Wintour's Leap is owned by Gloucestershire Wildlife Trust and forms part of the Lancaut SSSI Nature Reserve. The cliffs of Wintour's Leap are frequent nesting grounds for Peregrine Falcons and provide niches for rare Whitebeam trees. Climbing access is by permission of Gloucestershire Wildlife Trust negotiated and supervised in consultation with the British Mountaineering Council. Climbing restrictions may apply.
The area around Wintour's Leap is a very popular limestone rock climbing area. It contains over 300 recorded routes most of which are multi pitch. It has a high proportion of quality climbs up to 100 meters in length with something to offer all levels of climber. From south to north, the climbing areas are Woodcroft quarry, Fly Wall, GO Wall, South Bay, Far South Bay, North Wall, and far North Wall. Woodcroft quarry is behind Fly Wall and is the most recently developed area; routes are still being added (2009). The majority of the routes in the quarry are bolt protected sport routes of varying degrees of quality. The Fly Wall is the most convenient trad route area with a small number of well travelled (often polished) routes at HS & VS (See Grade (climbing)), and some good HVS - E5 routes. These two areas have recently (2009) come under the threat of development into a land fill site.
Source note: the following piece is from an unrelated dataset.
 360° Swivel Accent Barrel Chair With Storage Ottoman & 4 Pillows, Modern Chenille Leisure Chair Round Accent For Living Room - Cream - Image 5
Great Overhanging (GO) Wall is the largest cliff at Wintour's and contains 4 and 5 pitch extremes. The routes here are multi pitch 'trouser fillers' all of which are technical and steep. Many break through the massive overhangs near the top of the wall. The routes are in the range E2 - E6, but also includes the iconic 'must do' route 'Burning Giraffe' at HVS. The southern bays contain a number of easier and very good multipitch routes in the grade range of Mod - E2. The north wall consists again of rather steep multi pitch routes. Although there are 2 HS routes, and a number of very good VS routes. The far end of north wall is again very steep with stepped overhangs. The rock is also very compact, not lending itself to traditional protection. There is a lot of fixed gear here.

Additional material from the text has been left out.